“People resist a census, but give them a profile page and they’ll spend all day telling you who they are.”
In looking for a good science-fiction read, I came across Lexicon by Max Barry. With excellent reviews and even comparisons to V. E. Schwab’s Vicious, it’s safe to assume that it is one good book, right? In this case, absolutely.
In this world, there exists a school where select students are taught persuasion, using words and language to manipulate and control others. The best of the best graduate to belong to a secret organization, with each person being classified as a “poet” and given a new name, one of a famous dead poet. The book goes back and forth between two storylines. One follows a homeless young girl named Emily Ruff, who does card tricks on the streets of San Francisco. She is discovered by a recruiter, and after undergoing a series of exams, she is admitted to the exclusive school. The other storyline follows a man named Will who is abducted from an airport and is being pursued by very powerful people.
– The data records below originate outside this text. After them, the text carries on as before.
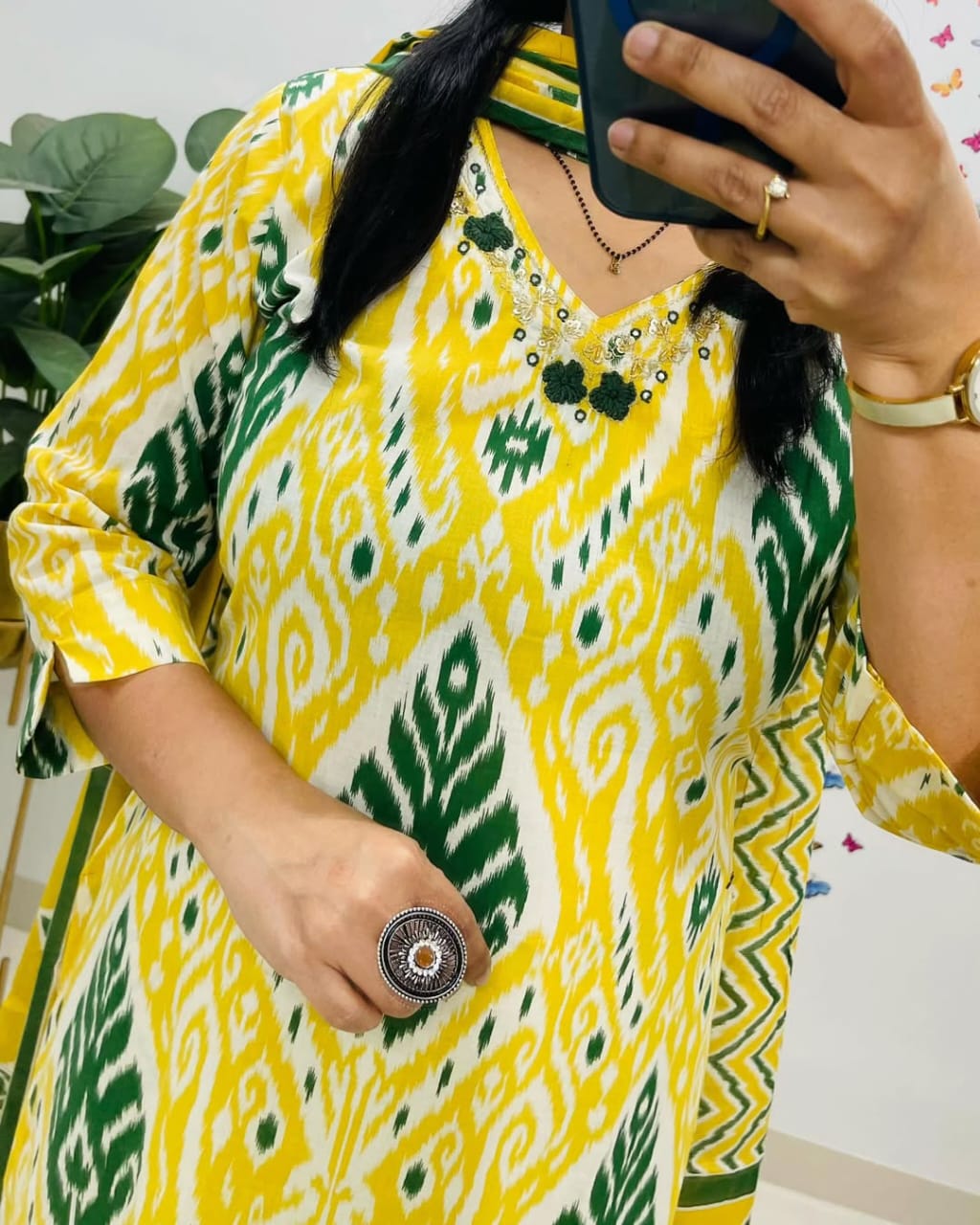 Yellow Kurta Set With Dupatta Set For Women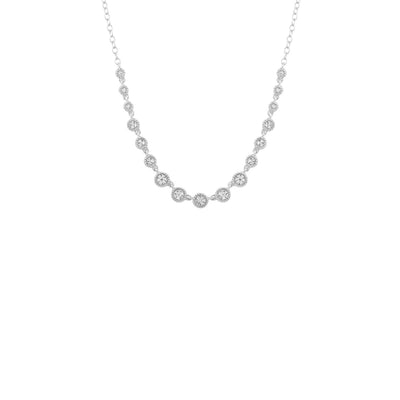 Ella Stein Multi Diamond Circle Necklace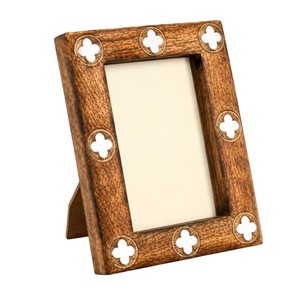Natural Brown Wooden Photo <b>Frame</b> for Tabletop Home Decor Custom Size Wholesale Supplier <b>Wood</b> <b>Picture</b> <b>Frame</b> with White Bone Inlay - Product Image 1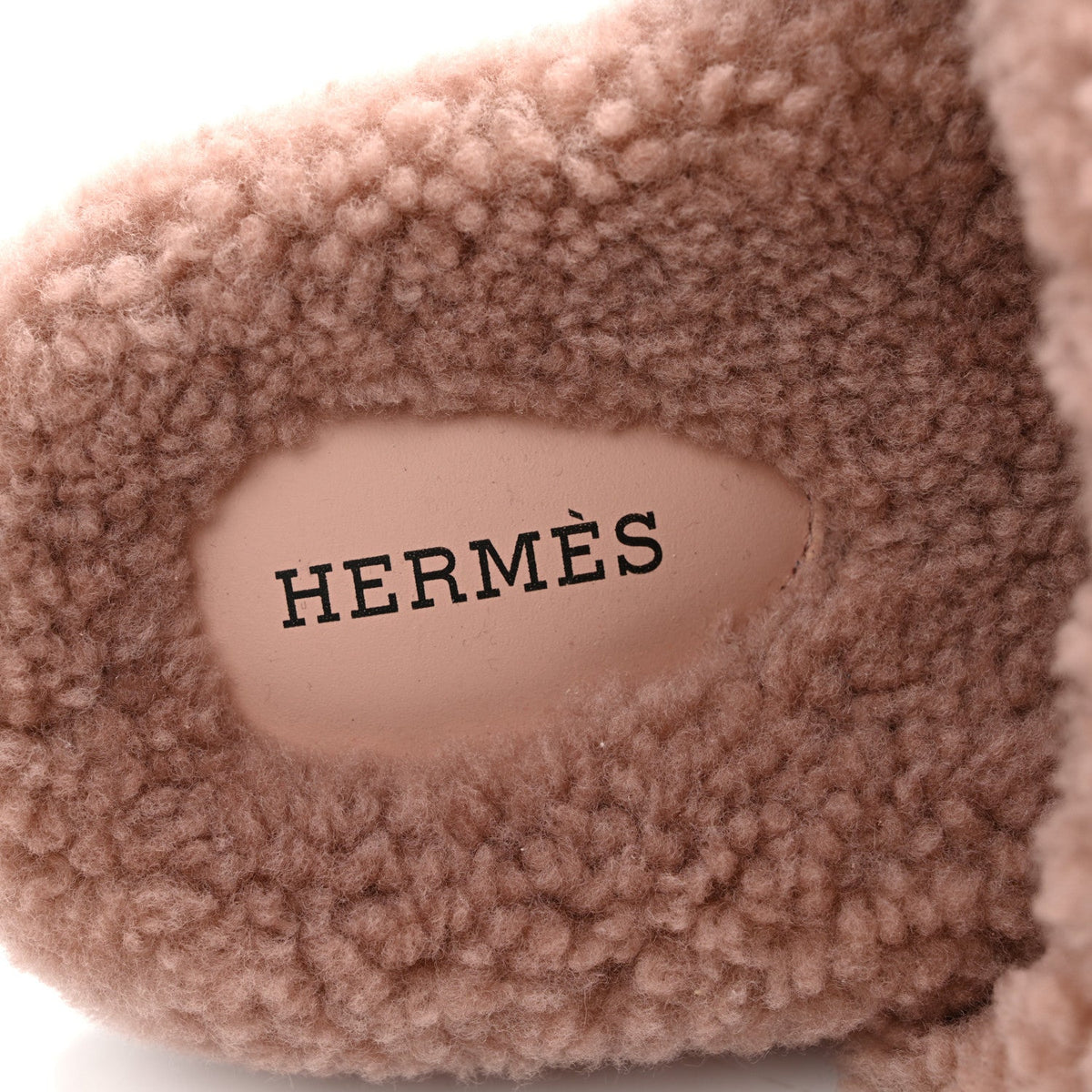 Hermes Woolskin Women's Chypre Sandals 39.5 Bois De Santal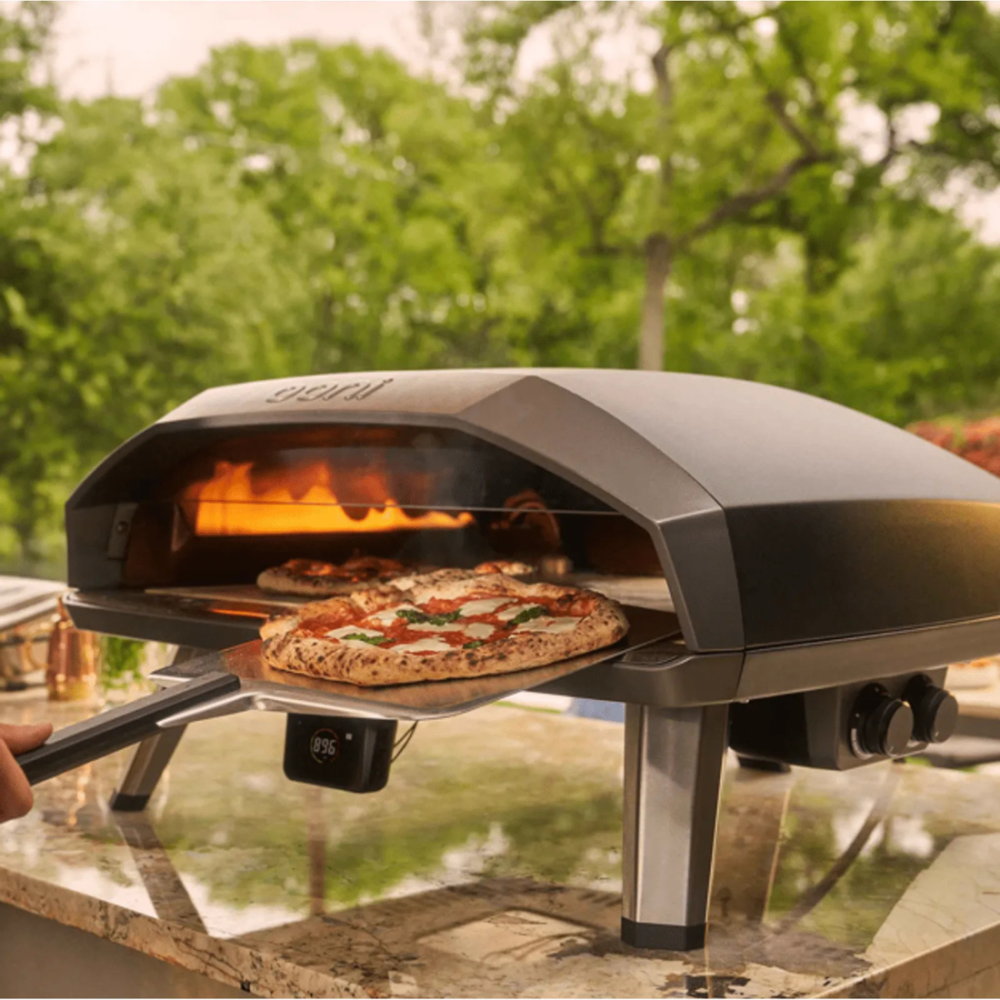 forno de pizza portátil a gás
As the two stories progress they begin to merge and the pieces of the puzzle start to fall into place.
Action packed form the beginning, Lexicon is an intriguing, fun, page-turning read that I couldn’t put down. I was completely drawn into the story and enjoyed the back and forth between the two narratives, which are equally engaging. When the significance of the two storylines slowly begins to reveal itself, I was completely absorbed and couldn’t wait to see where it would go next and what else would be revealed. Towards the end of the book however, it did slow down for me with certain parts being a little confusing, where I was unsure about where the events fell into the grand scheme of things. The book as a whole is really well structured and written, and I found the premise of using words and language as a weapon to be thought-provoking and compelling. Overall, it is a highly enjoyable book and I would recommend it if you’re looking for an exciting, fast-paced read.